- _Records provided_:
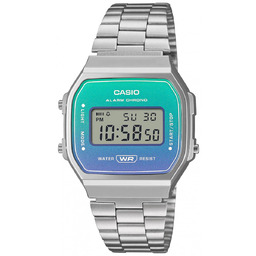 Zegarek Casio Vintage A168WER-2AEF srebrny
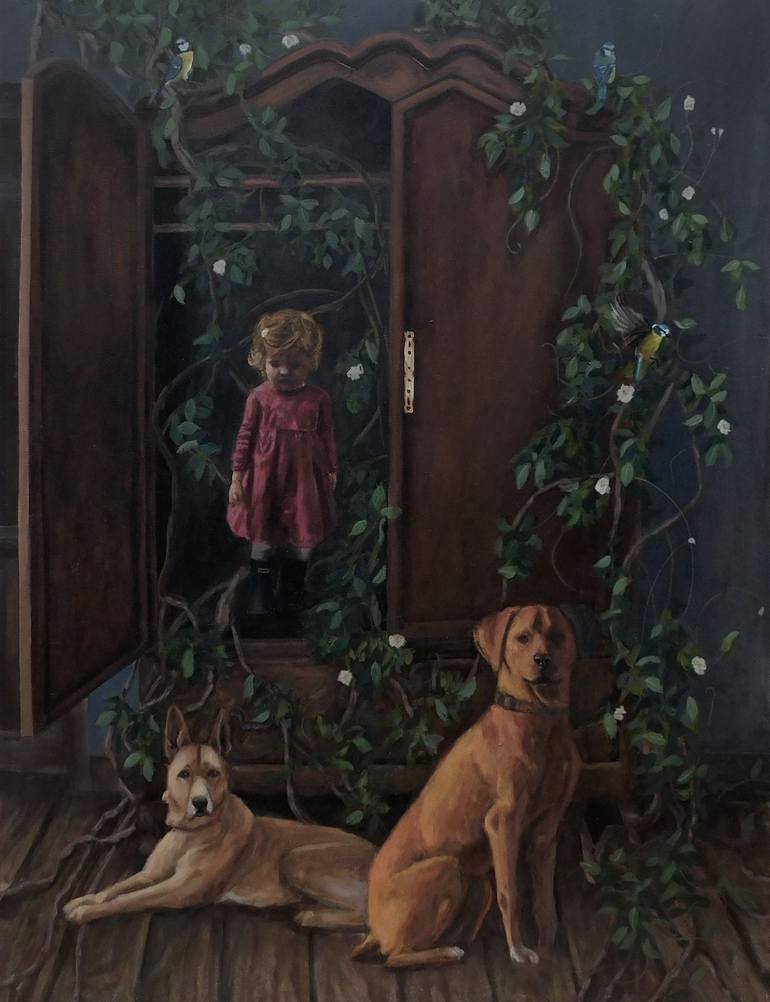 View in a Room Artwork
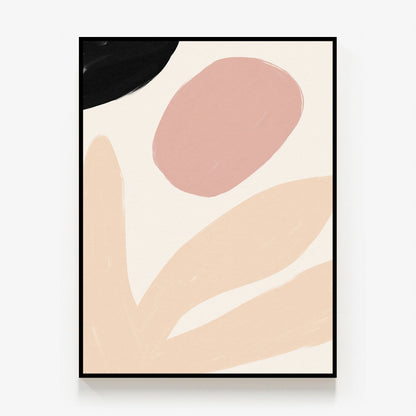 Abstract Form No. 4 Canvas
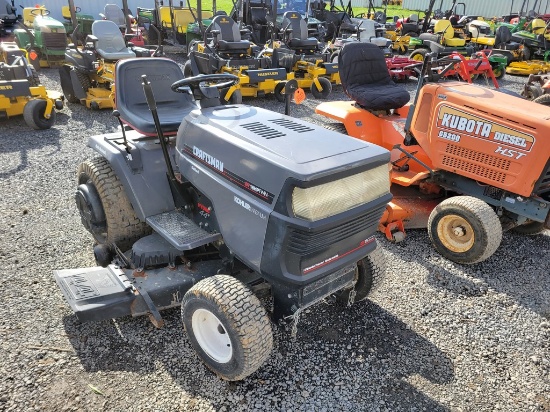 Craftsman GT6000 Riding Tractor 'Package - Ride & Drive'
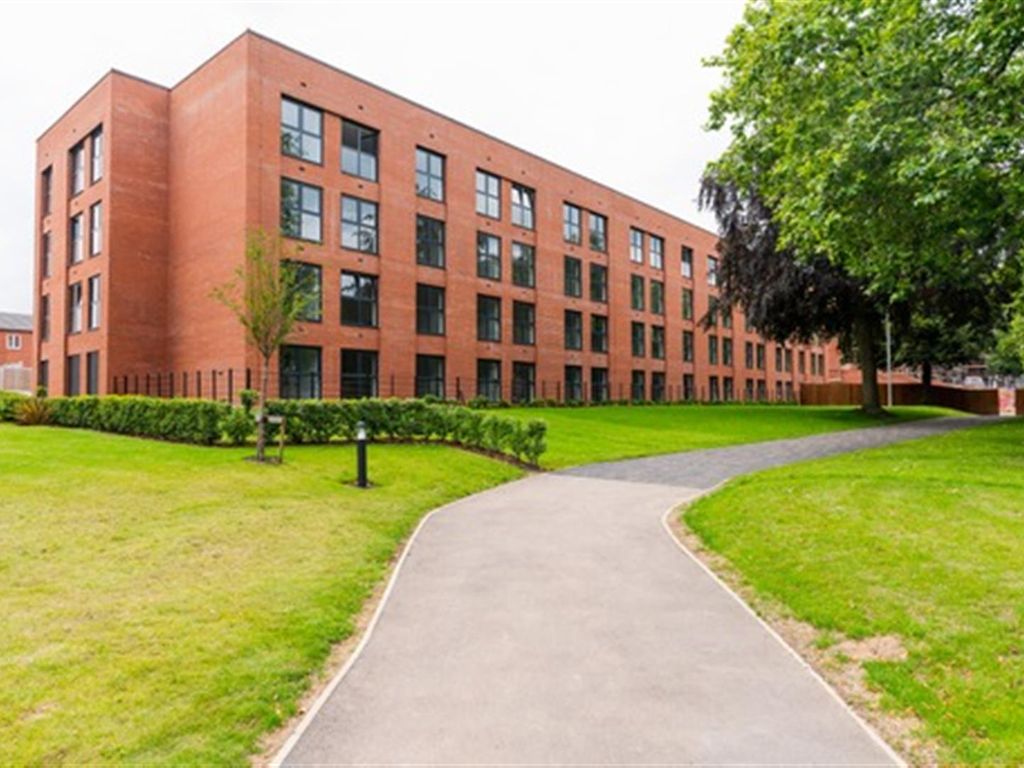 New home, 1 bed flat for sale in Nightingale Quarter, Derby DE1, £185,000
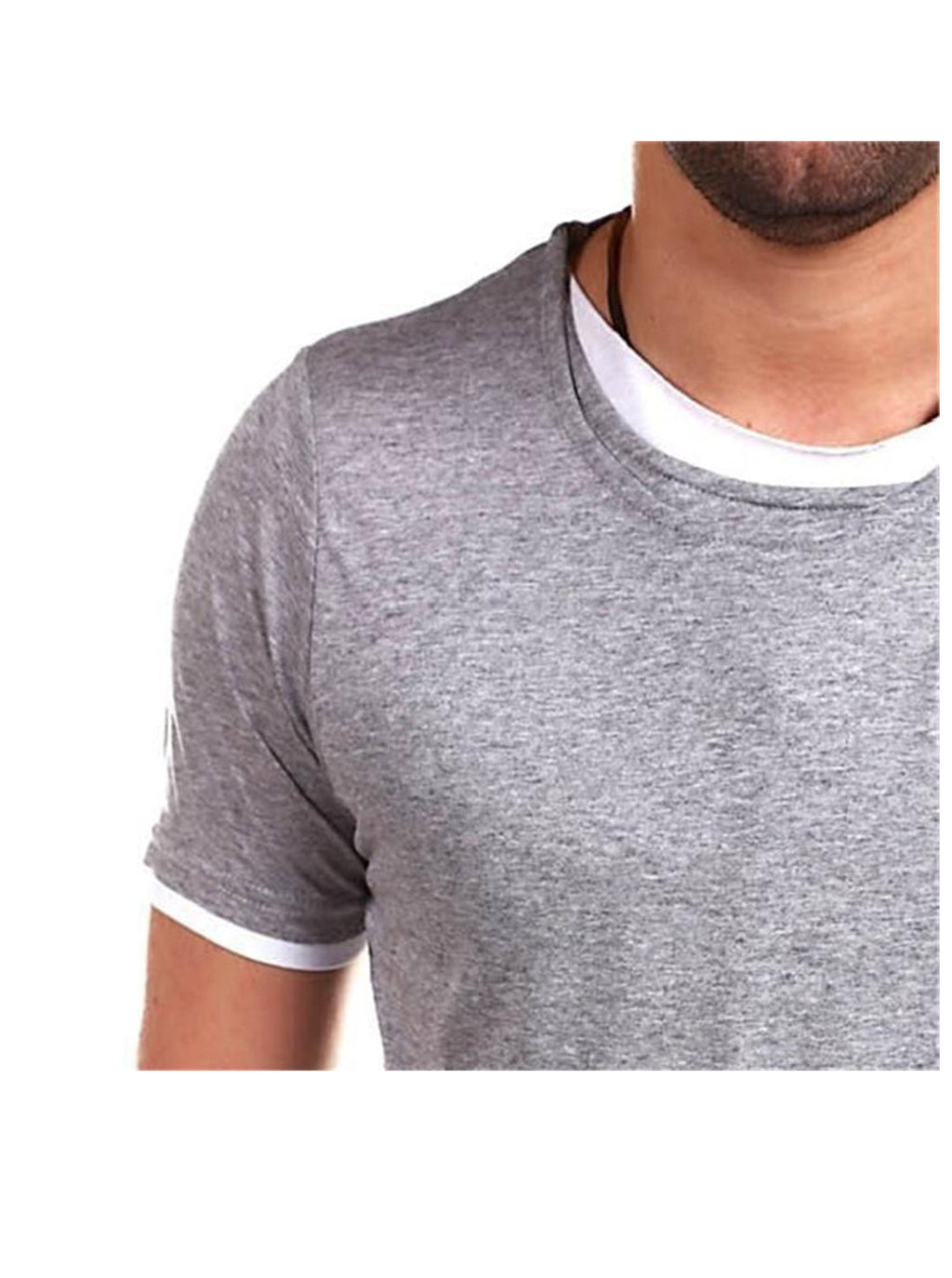 Walter Fake Two Pieces Crew Neck T-Shirt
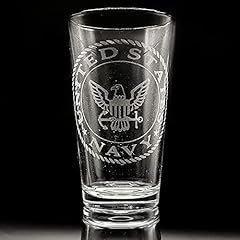 Navy engraved beer for sale  Delivered anywhere in USA 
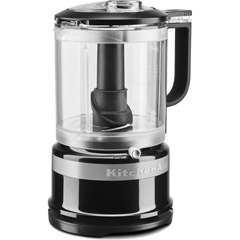Kitchenaid 1.9 L Food Processor, Onyx Black, 5KFC0516EOB - 1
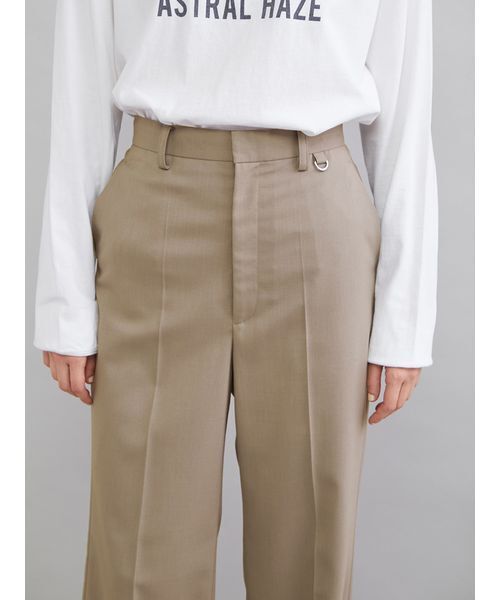 パンツ テーラードトラウザー レディース_15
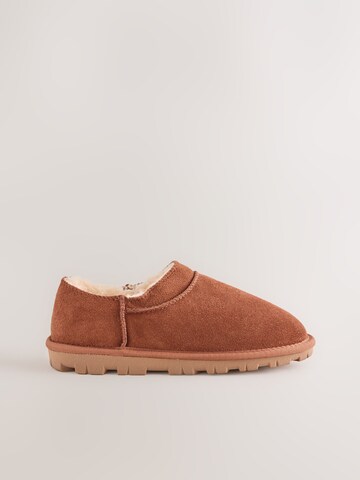 Pantoufle Next en marron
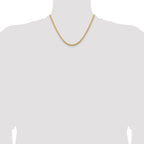 10K None 3.5mm Cuban Chain - view 4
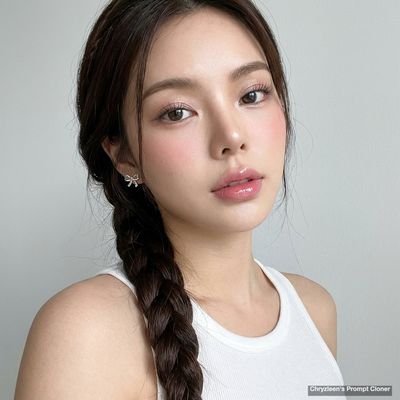 Hyper-Real Portrait in Crisp Smartphone Detail
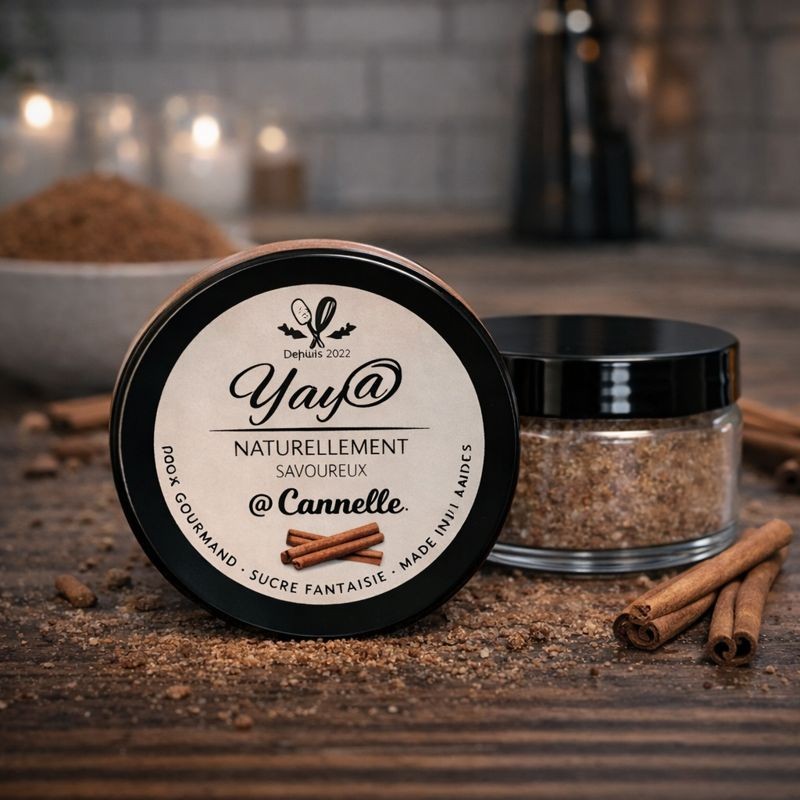 Sucre aromatisé à la cannelle - 100g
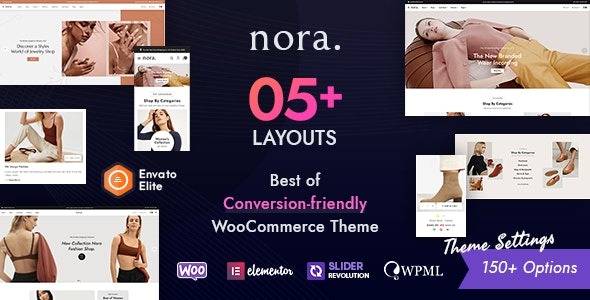 Nora  WooCommerce Theme for eCommerce Stores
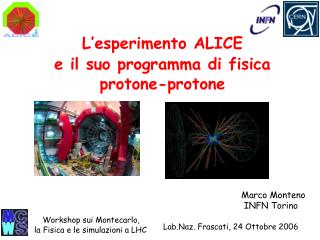 L’esperimento ALICE e il suo programma di fisica protone-protone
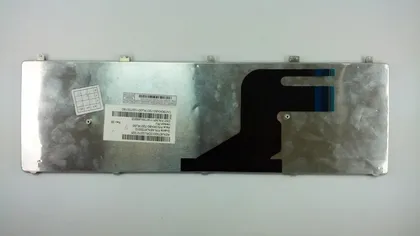 фото, Клавіатура для ноутбука ASUS (N55, N75, X5QS) rus, silver (N75 version)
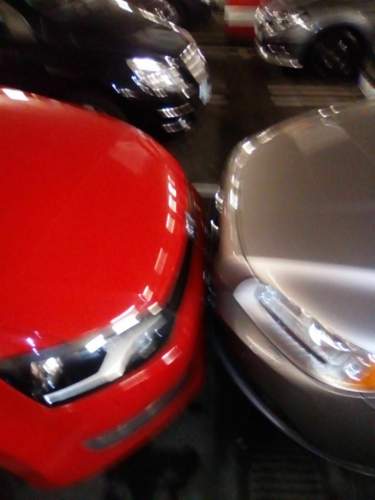V70_3 und Polo treffen sich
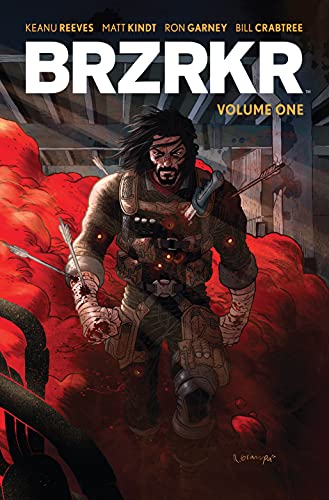 Brzrkr Vol. 1 - Game On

- _What is expected_:
Leave out the pictures, and extract exactly the lines from the one with "фото, Клавіатура для" through the end of the records, both ends included.

- _Exercise solution_:
 фото, Клавіатура для ноутбука ASUS (N55, N75, X5QS) rus, silver (N75 version)
V70_3 und Polo treffen sich
 Brzrkr Vol. 1 - Game On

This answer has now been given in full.